Freitag, 26. Juli 2013

Ist Jesus wahrer Mensch?

Eigenwillige Betrachtung über Christus in der Eucharistie

Ich war frustriert und saß launisch vor einem Kruzifix. „Warum machst du es mir eigentlich so schwer“, schleuderte ich Gott vorwurfsvoll und unzufrieden entgegen. „Ich will ja gut sein, beten, ich widme dir so viel Zeit, und du bist oft so weit weg von mir!“ Das ließ er sich offensichtlich nicht gefallen; in der Stille meines Innern vernahm ich seine – gütige, aber dennoch entschiedene – Antwort: „Weit weg? Ich weit weg von dir? Nicht ich bin weit von dir. Ist es nicht vielmehr so, dass du weit weg bist von mir?“

Das hatte gesessen. Ich dachte nach: Ja, es ist wahr. Immer, wenn ich ganz bei der Sache war, ließ sich Gott erfahren. War ich nur halb anwesend oder zerstreut, dann wurde mir der Umgang mit Gott langweilig, mühsam und blieb unbefriedigend.

So verhält es sich auch mit der Gegenwart des Herrn in der Eucharistie. Obwohl ich dem Dogma vertraue, dass Jesus Christus als „wahrer Gott und wahrer Mensch wirklich, wahrhaft und wesentlich“ in der Eucharistie da ist, finde ich es gelegentlich doch mühsam und manchmal sogar langweilig, bei ihm zu sein und zu beten. Aber auch das liegt an mir und nicht an ihm.
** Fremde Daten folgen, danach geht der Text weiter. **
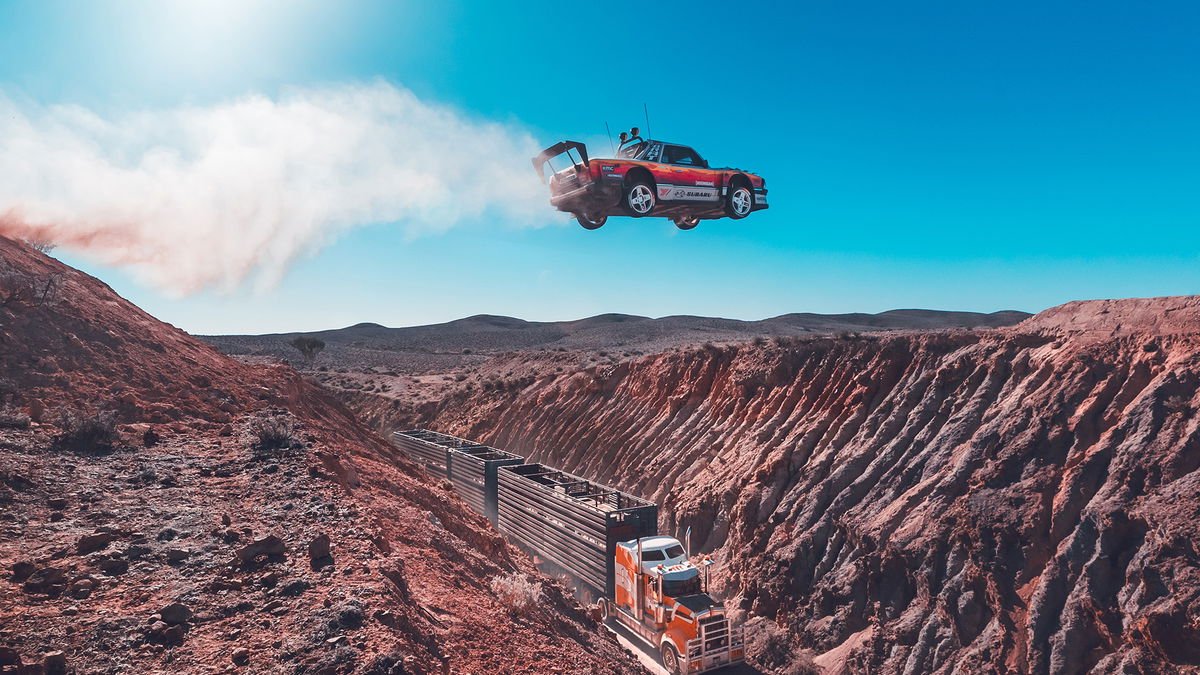 Watch Travis Pastrana Tear Up Australia In Gymkhana: Aussie Shred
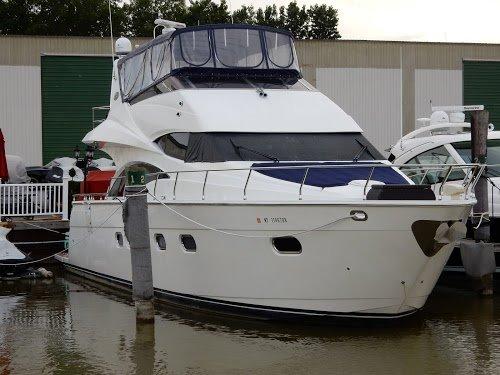 Odyssey 2004 Marquis 59 Motor Yacht Freshwater Yacht For Sale in Rochester NY Odyssey 2004 Marquis 59 Motor Yacht Freshwater Yacht For Sale in Rochester NY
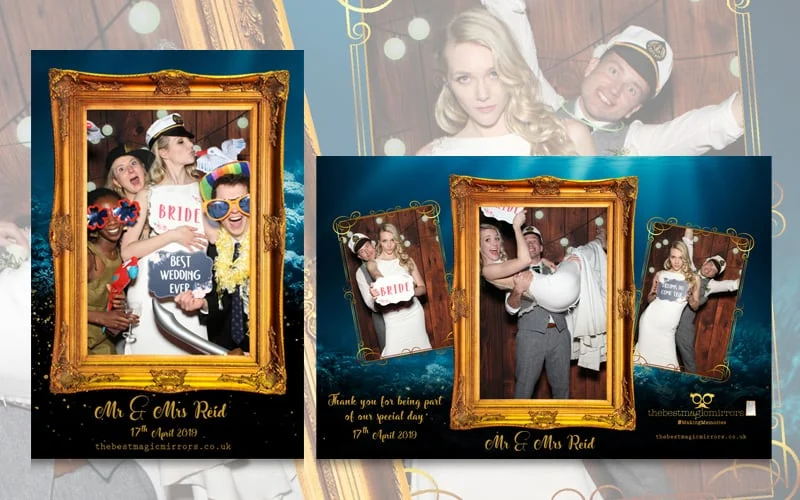 Mirror photobooth in Melbourne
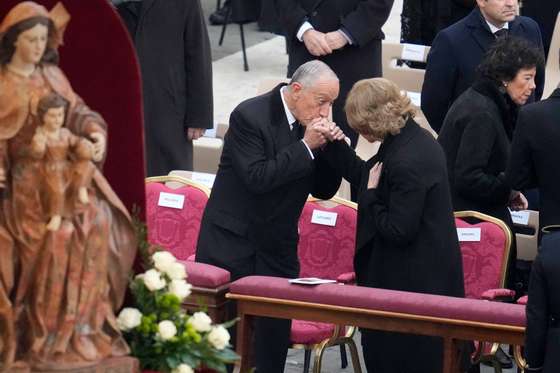 The Funeral Of Pope Emeritus Benedict XVI Takes Place In St Peter's Basilica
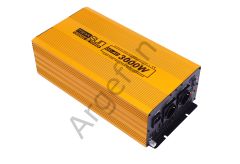 Mexxsun 12 Volt 3000 Watt Tam Sinüs Akü Şarjlı inverter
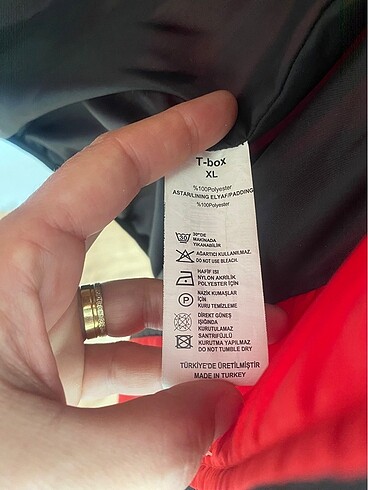 T-box yelek - Görsel 6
Mir hilft es, zu versuchen, die Wahrheit der Gegenwart Christi in der Eucharistie immer wieder einmal („untheologisch“) ganz schlicht und fast kindlich aus der Sicht Jesu zu betrachten: Jesus ist in der Eucharistie wahrhaftig gegenwärtig, so wie er ist: wahrer Gott und wahrer Mensch. Ein Mensch ohne Sünde, und doch als Mensch, ein Mensch wie Du und ich… „sein Leben war das eines Menschen“ (Phil 2,7).

Wenn ich mir vorstelle, wie das wohl ist, Jesus, der im Tabernakel immer für uns da ist, und wie vielleicht der ein oder andere kommt, die Tür zur Kirche öffnet, hineingeht, sich umschaut, vielleicht einen Moment verweilt, oder nur einen Blick hineinwirft und wieder geht, und Jesus immer dort ist und auf uns wartet, dann kommt mir das manchmal schon ein wenig sonderbar vor. Ich möchte Sie einmal zu einem Experiment einladen: Setzen wir uns einmal in Gedanken zu Jesus in der Eucharistie, im Tabernakel. Stellen wir uns vor, wie das wäre, wenn wir dort Tag und Nacht wie er gegenwärtig sein würden: Jesus ist dort und wartet im Tabernakel bis jemand kommt. Er ist da, er ist lebendig, er, die Liebe in Person, der jeden Menschen liebt und nur wartet, bis er jemanden beschenken kann. Die meisten Leute aber gehen an der Kirche vorbei, ohne überhaupt zu wissen, dass da einer wartet. Wie schade muss das für ihn sein. Diese Leute haben entweder nie davon gehört, dass Gott sie gern hat oder sie können sich nicht vorstellen, dass er sie persönlich meint. Was würden Sie fühlen, wenn Sie jemanden zu sich nach Hause einladen, und der weiß gar nichts davon und kommt nicht. Schade, nicht wahr?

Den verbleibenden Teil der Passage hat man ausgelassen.